Now if God has given a revelation of His mind, that revelation must be worthy of Himself; and He has taken particular pains to call it His word. Undoubtedly He wrought by various means; but He never calls it the word of Moses, or David, or John, or Paul, but the word of God. Let us never forget this. It may be said that there is here a difficulty, and what appears even to be an irregularity. The Sabbath is introduced first as the beginning of the feasts; and then, secondly, we begin again, when the Sabbath is left out. Why? Because the Sabbath has a character altogether peculiar to itself. Evidently as a matter of fact, and merely looking at it from a literal point of view, all the other feasts were celebrated but once a year, the Sabbath every week. There is therefore a distinct line of demarcation; and so the second beginning is justified. But still the Sabbath has the character of a feast, and with a most important aim, if in a way that marks no other; for that feast, and that alone, was to be continually repeated, as the end of the week came round.
And here let us not fail to notice the difference between this and what Scripture calls " the Lord's day." Those who would and do confound the two understand neither. The Sabbath day was historically and originally at the end of the week, when man had accomplished his ordinary round of toil. The end he gave to God. He had labored Himself for six days, on the seventh He rested. According to God's law, it was not merely a seventh, but the seventh day.

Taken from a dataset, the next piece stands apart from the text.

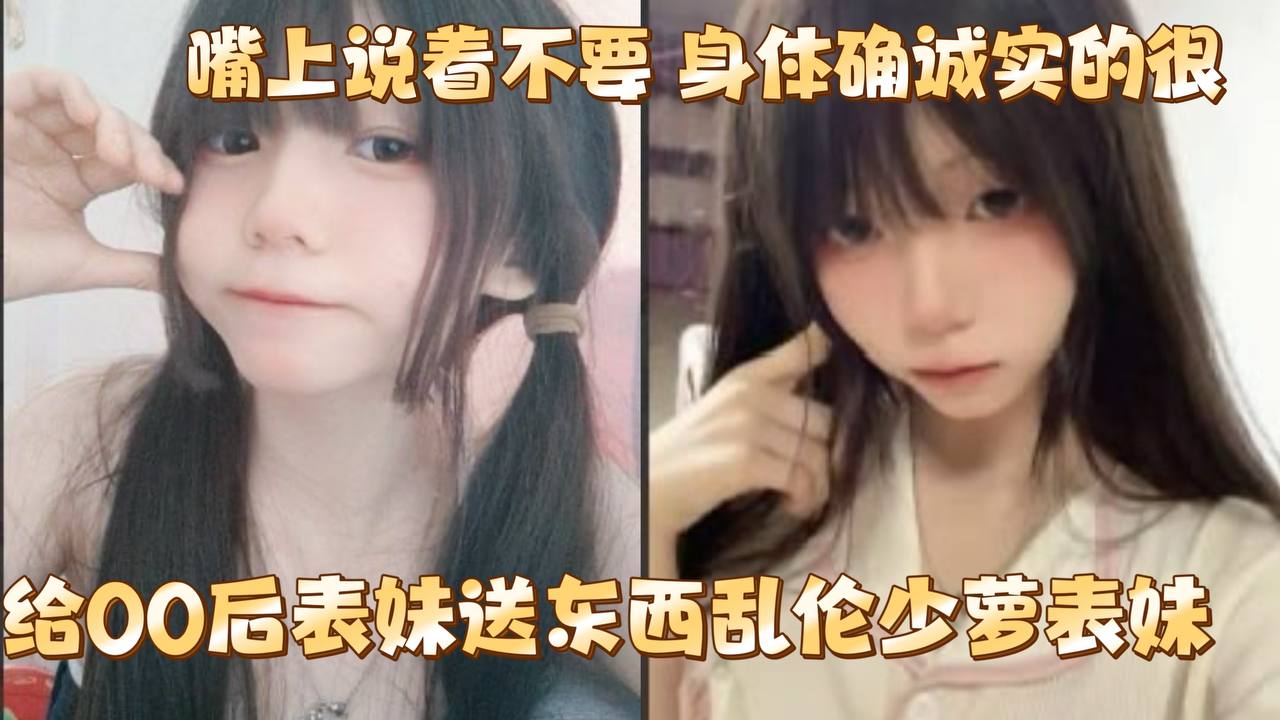 给00后表妹送东西乱伦少萝表妹嘴上说着不要身体确.诚实的很封面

No other day of the week would have done so well, or at all, if one looked at it as truly fearing God. From an utilitarian point of view, one day was as good as another; and that is man's way of dealing with things. But God knows that man is prone to forget Him even in creation, and above all to forget the gracious purposes of God pledged in the Sabbath.

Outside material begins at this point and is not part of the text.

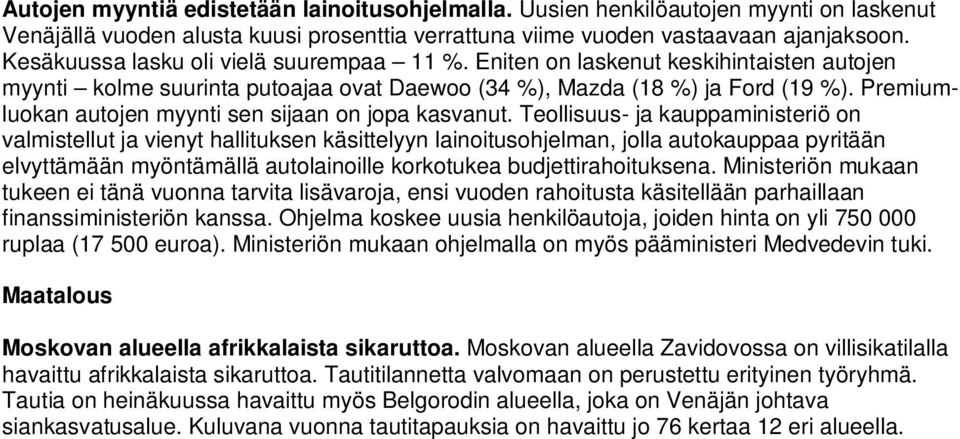 Premiumluokan autojen myynti sen sijaan on jopa kasvanut.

What is it that God means to bring in? A rest for His own, a rest worthy of Himself, and a rest which He will share with His people. When will this be? Not till the end of all things. I am far from meaning that every man will enjoy that rest. No one can think or say so who believes what sin is, or that God will judge the world by the Man risen from the dead and ordained for it. But while acknowledging that God must show His deep resentment against evil, we believe also that He has brought in a Deliverer and a deliverance for us; in due time a full and a perfect deliverance for creation. This is precisely what God will make good in the day of Christ's coming; and His rest it will be.
Let me refer here to the great New Testament Scripture on the rest of God. In Heb. 3 and 4. you find the Spirit of God (after pointing to Christ on high, Son of God, and Son of man, who had died atoningly), introducing this rest. What gave occasion to it was the evident danger for the Hebrew believers of taking their ease now, and thus forgetting they were only passing through the wilderness. They were so accustomed to connect with the coming of Messiah a present rest, that they could hardly understand that they were ushered into a scene of trial answering to His who suffered without the gate, and called to count it their privilege. They were in danger of seeking to make themselves at ease and comfortable here. The first Epistle to the Corinthians shows that they were not alone in this. It is a very natural snare to the heart of man, even to those who have found the Savior. After there has been doubt and anxiety, the soul knowing what the judgment of God on sin is, and its own utter guilt and condemnation, when deliverance in the Lord Jesus is once found, there is often danger of reaction. The soul is apt to settle down, thinking that the campaign is over, because the great battle has been fought, and the victory is given through the Lord Jesus Christ. They flatter themselves that there can be no more trouble, because the deep soul-distress is past. It is sufficiently plain that these Hebrews were in some such state, and the apostle not only reminds them how joyfully they took their early spoliation and sufferings, but here instructs them that they are not yet after the pattern of Israel settled in the land, but like Israel passing through the wilderness. Accordingly we find that the whole argument of the epistle supposes not the temple, but the tabernacle, from first to last; and thus hails from the camp, not from the throne or kingdom set up after the conquest of Canaan. Hence he says, "Let us therefore fear, lest a promise being left us of entering into his rest, any of you should seem to come short of it ", (ch. 4: 1). We see at once that the apostle is not speaking of believing in the Lord Jesus for present rest of conscience. Had this been the point before him, he would have boldly assured them there was no need to fear.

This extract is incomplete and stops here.